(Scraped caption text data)
____
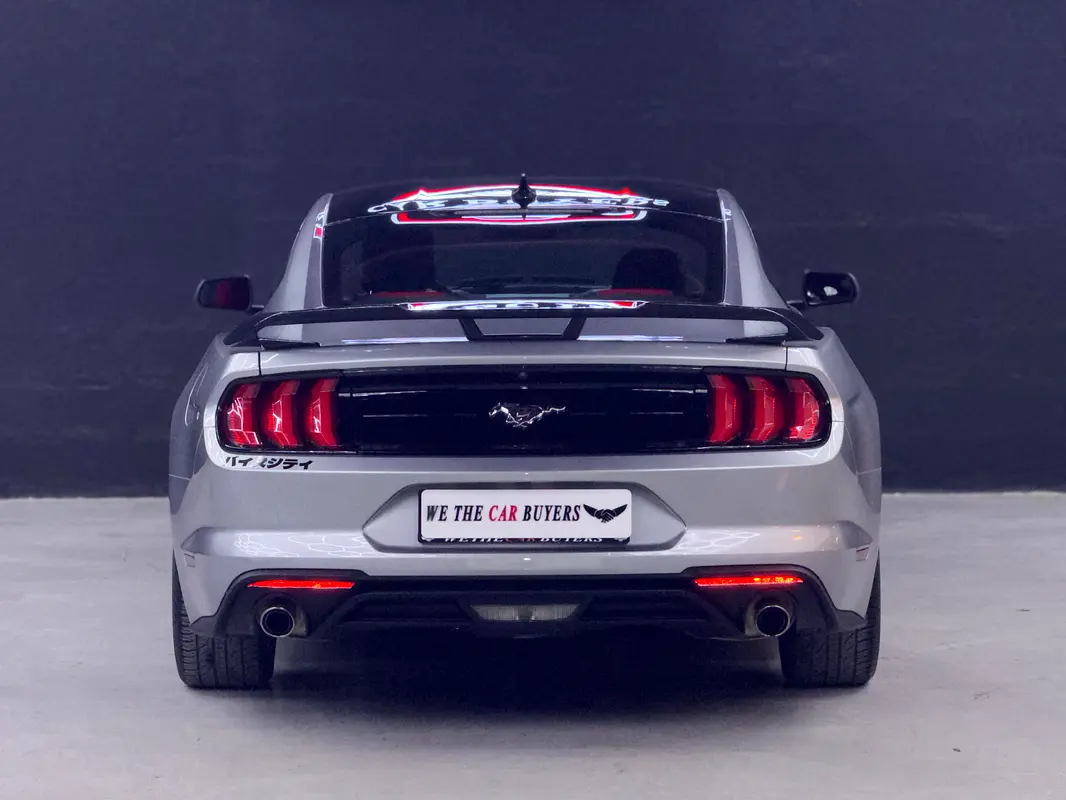 FORD MUSTANG
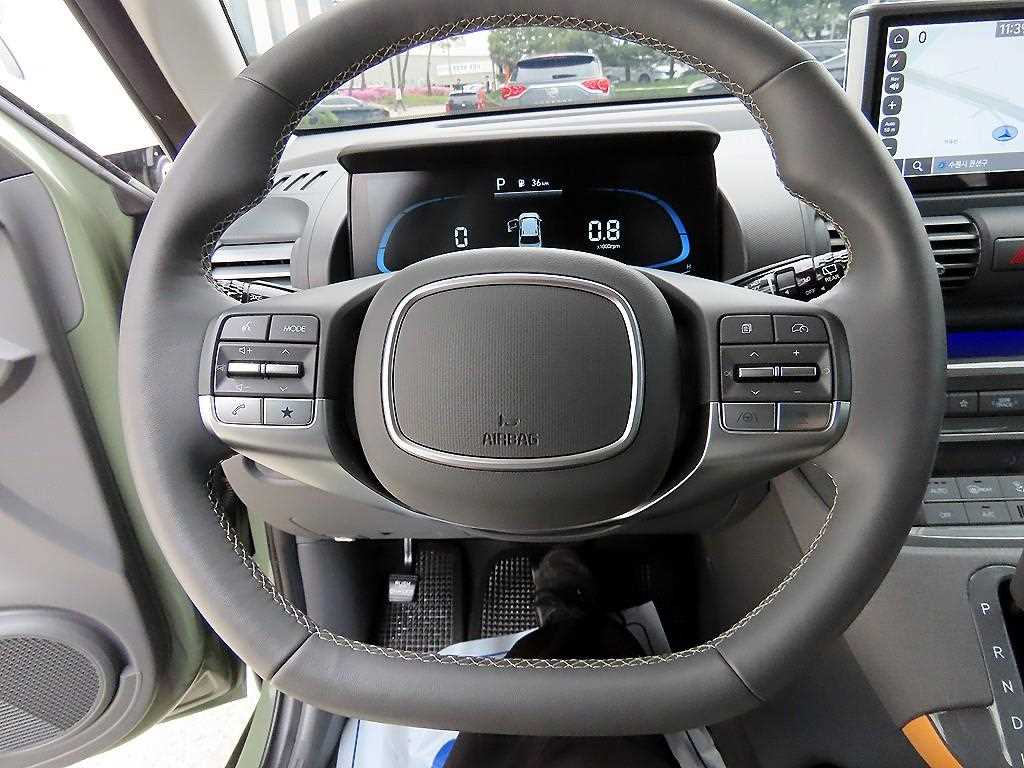 HYUNDAI Casper - Vista 8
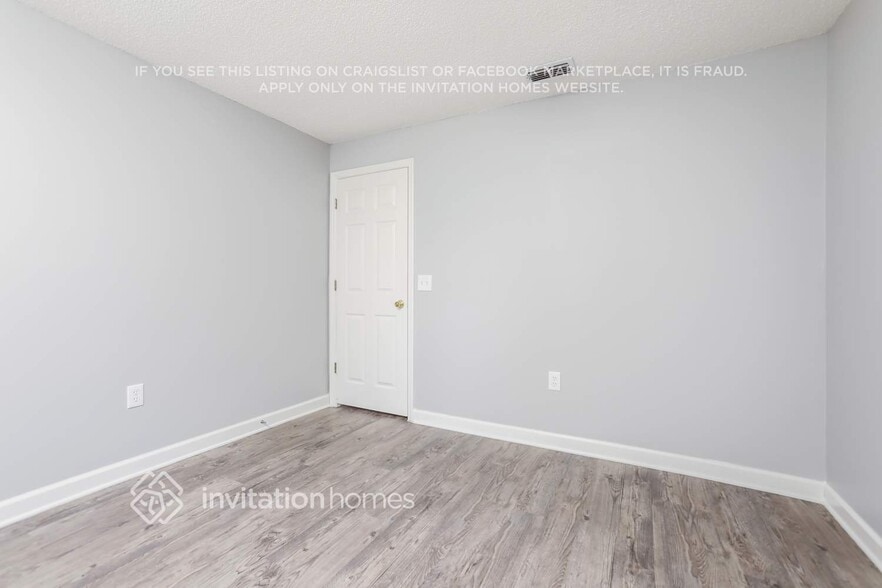 Building Photo - 809 Delfino Pl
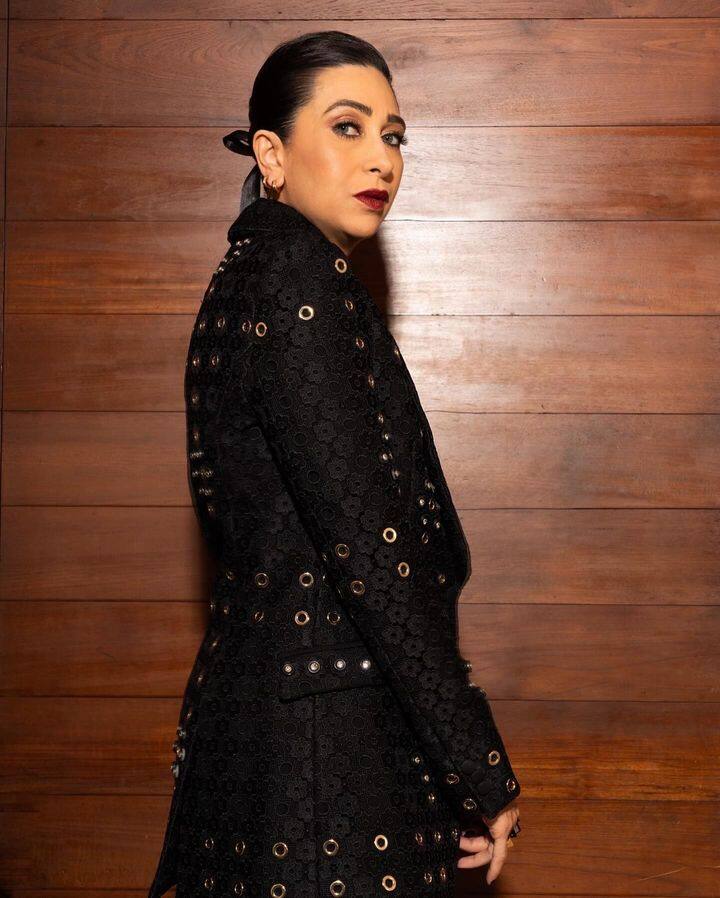 करिश्माने शेअर केलेल्या या फोटोमध्ये तिने काळ्या रंगाचा ब्लेझर परिधान केला आहे.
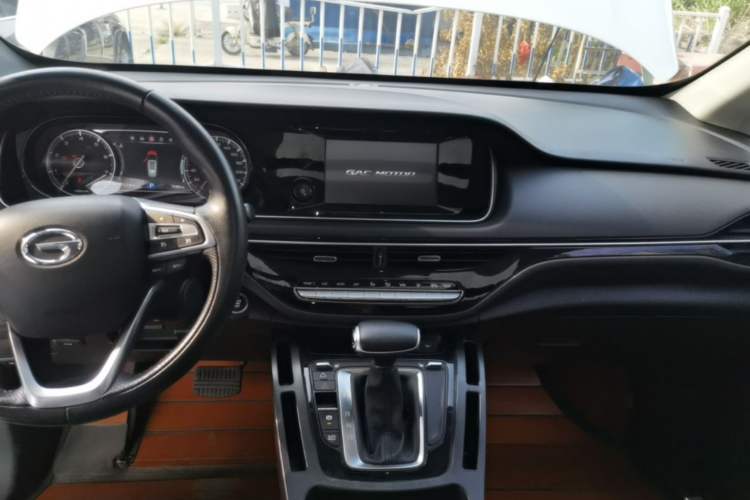 Used GAC Trumpchi M6 2021 270T DCT Luxury Edition (7-seater) Audio And AC Panel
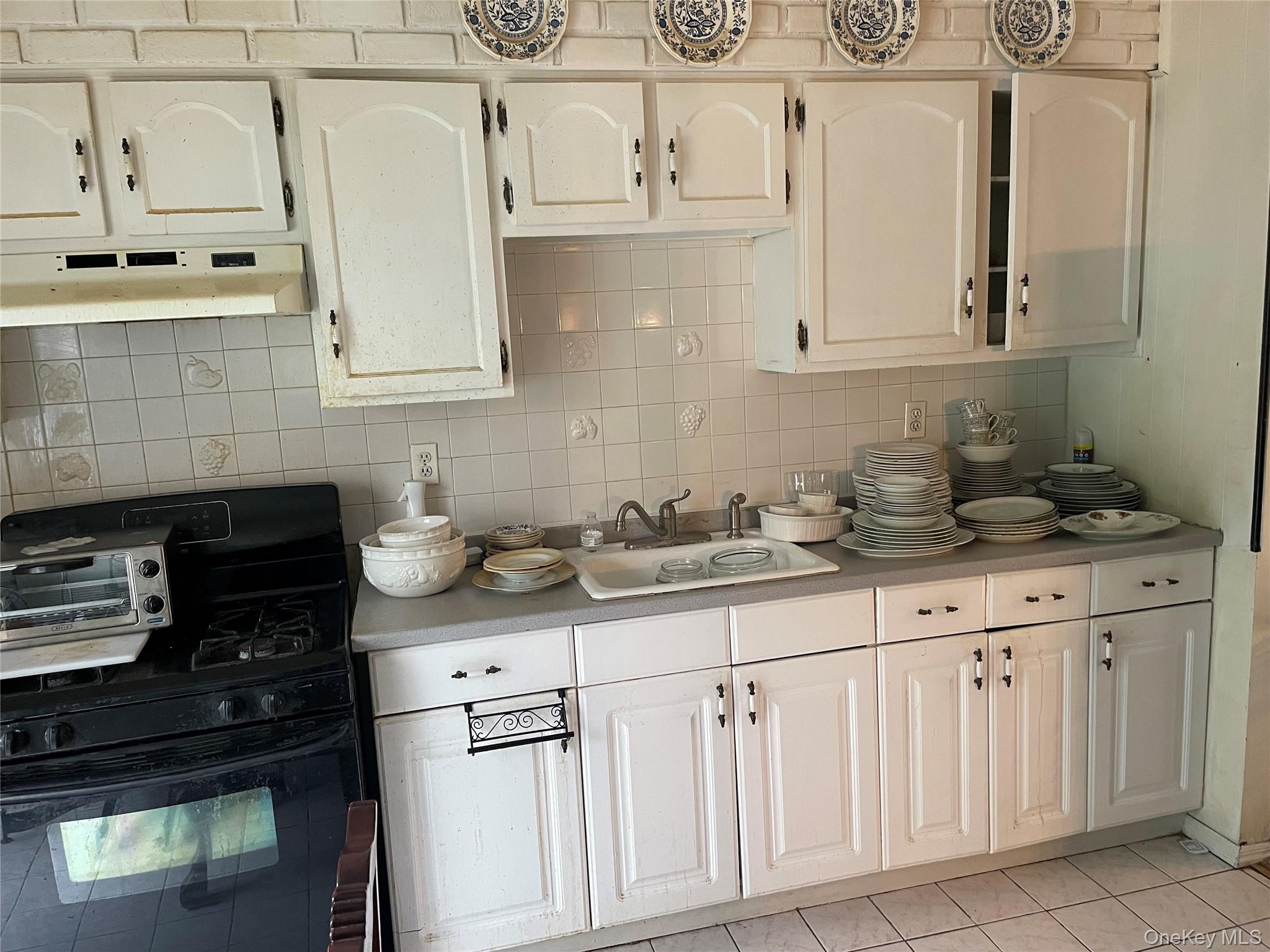 #6 photo, 3 Cedar Avenue, Orangeburg , NY 10962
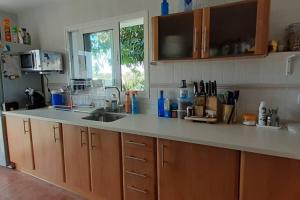Kuchyň nebo kuchyňský kout v ubytování Villa SA CALMA ESVENTADA - Relax y confort a sólo 5 minutos de la playa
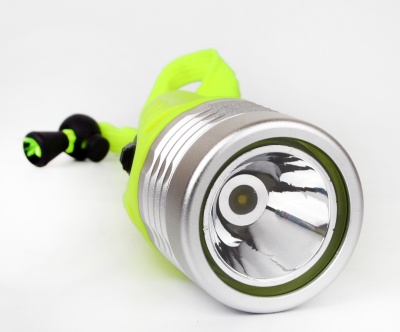 Фонарь CAMELION LED 51534 желтый, LED 3W SEOUL  глуб 30м, 4xLR6, дайв, пласт+алюм., блистер 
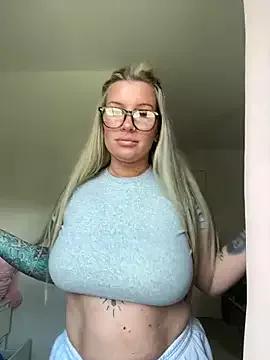 Molly_slayy on StripChat 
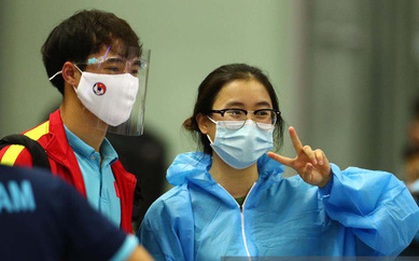 Fangirl nhí nhảnh chụp ảnh cùng Văn Toàn trước giờ bay sang UAE đấu tuyển Trung Quốc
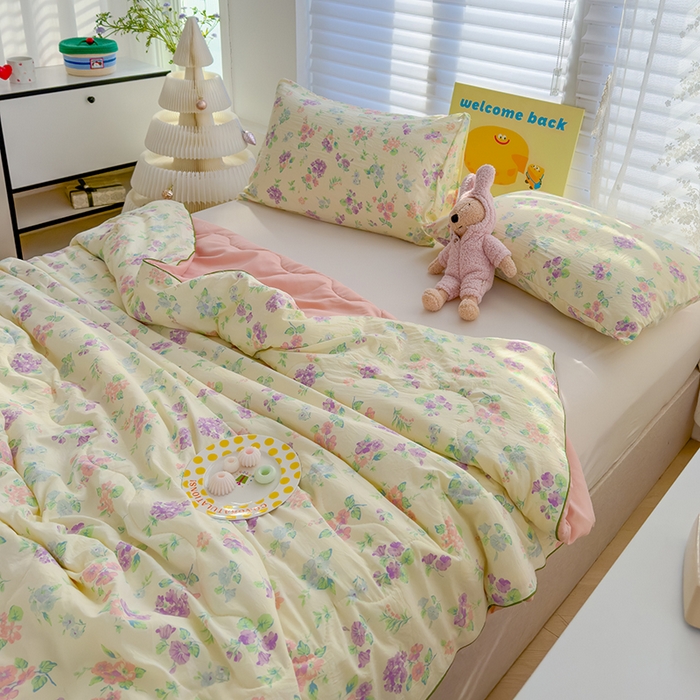 91家纺网 家纺一手货源 找家纺 弗苓家纺 2025新款A类皱皱纱印花夏被 夕颜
____
## TASK DETAILS:
Each line above has to be returned exactly. Drop the pictures.

## ANSWER:
 FORD MUSTANG
 HYUNDAI Casper - Vista 8
 Building Photo - 809 Delfino Pl
 करिश्माने शेअर केलेल्या या फोटोमध्ये तिने काळ्या रंगाचा ब्लेझर परिधान केला आहे.
 Used GAC Trumpchi M6 2021 270T DCT Luxury Edition (7-seater) Audio And AC Panel
 #6 photo, 3 Cedar Avenue, Orangeburg , NY 10962
Kuchyň nebo kuchyňský kout v ubytování Villa SA CALMA ESVENTADA - Relax y confort a sólo 5 minutos de la playa
 Фонарь CAMELION LED 51534 желтый, LED 3W SEOUL  глуб 30м, 4xLR6, дайв, пласт+алюм., блистер 
 Molly_slayy on StripChat 
 Fangirl nhí nhảnh chụp ảnh cùng Văn Toàn trước giờ bay sang UAE đấu tuyển Trung Quốc
 91家纺网 家纺一手货源 找家纺 弗苓家纺 2025新款A类皱皱纱印花夏被 夕颜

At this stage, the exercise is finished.